Return the records word for word. Pictures do not belong in the copy.

Segment Start: LISTED ENTRIES

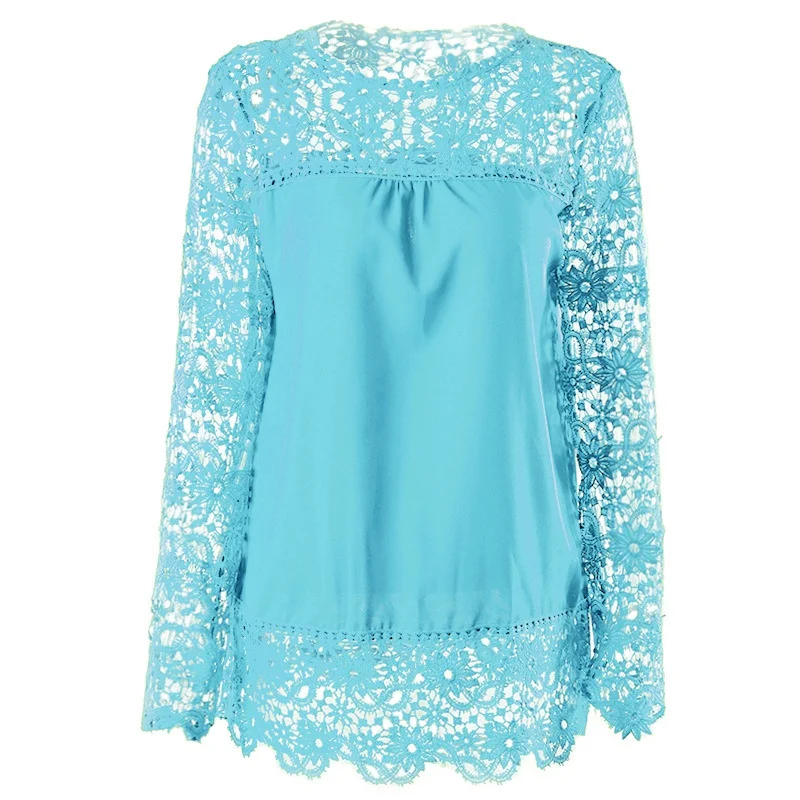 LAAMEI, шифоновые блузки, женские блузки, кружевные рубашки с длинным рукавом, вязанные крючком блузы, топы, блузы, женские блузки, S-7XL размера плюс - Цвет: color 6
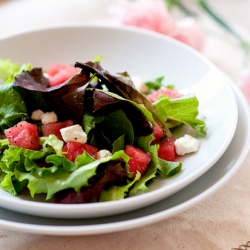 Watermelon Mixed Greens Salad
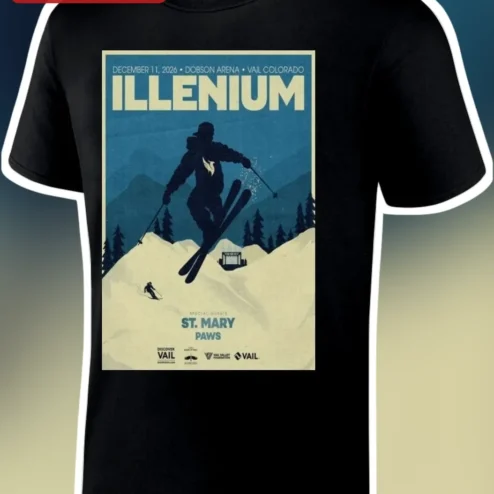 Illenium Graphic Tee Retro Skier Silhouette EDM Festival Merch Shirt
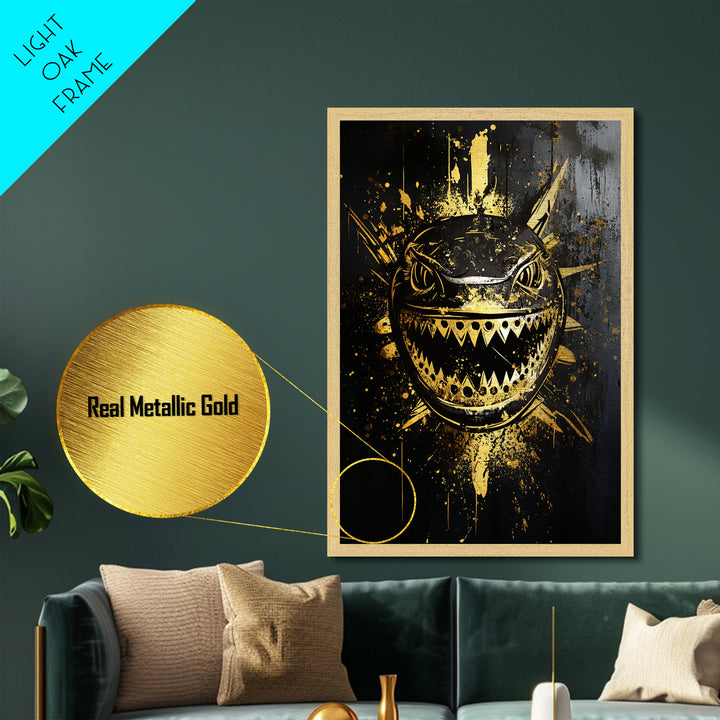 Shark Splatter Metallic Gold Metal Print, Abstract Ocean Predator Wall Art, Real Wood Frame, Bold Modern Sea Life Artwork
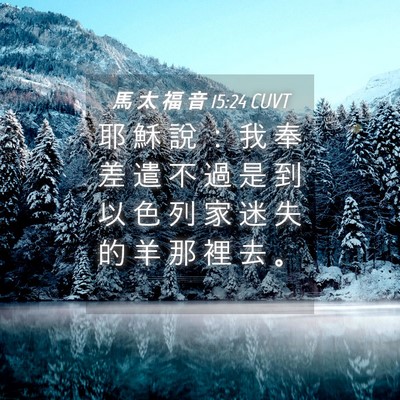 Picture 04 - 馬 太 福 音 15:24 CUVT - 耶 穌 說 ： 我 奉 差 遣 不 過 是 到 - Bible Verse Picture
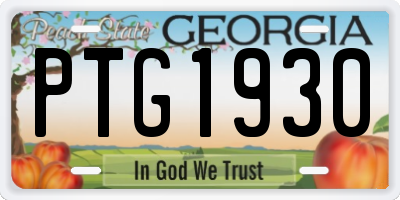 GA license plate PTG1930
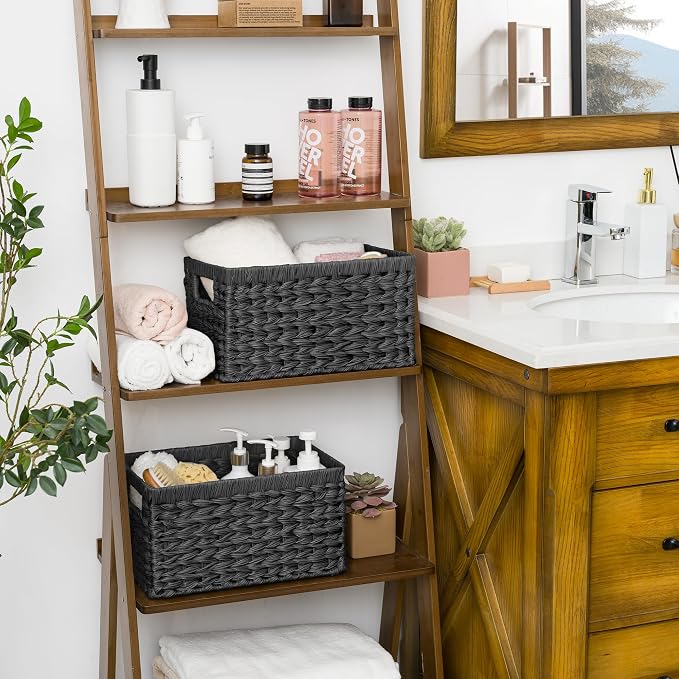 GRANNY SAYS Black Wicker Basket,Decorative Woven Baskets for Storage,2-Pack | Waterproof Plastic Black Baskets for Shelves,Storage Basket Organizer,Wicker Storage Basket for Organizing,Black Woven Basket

Segment End: LISTED ENTRIES

> **EXERCISE ANSWER**
 LAAMEI, шифоновые блузки, женские блузки, кружевные рубашки с длинным рукавом, вязанные крючком блузы, топы, блузы, женские блузки, S-7XL размера плюс - Цвет: color 6
 Watermelon Mixed Greens Salad
 Illenium Graphic Tee Retro Skier Silhouette EDM Festival Merch Shirt
 Shark Splatter Metallic Gold Metal Print, Abstract Ocean Predator Wall Art, Real Wood Frame, Bold Modern Sea Life Artwork
 Picture 04 - 馬 太 福 音 15:24 CUVT - 耶 穌 說 ： 我 奉 差 遣 不 過 是 到 - Bible Verse Picture
 GA license plate PTG1930
 GRANNY SAYS Black Wicker Basket,Decorative Woven Baskets for Storage,2-Pack | Waterproof Plastic Black Baskets for Shelves,Storage Basket Organizer,Wicker Storage Basket for Organizing,Black Woven Basket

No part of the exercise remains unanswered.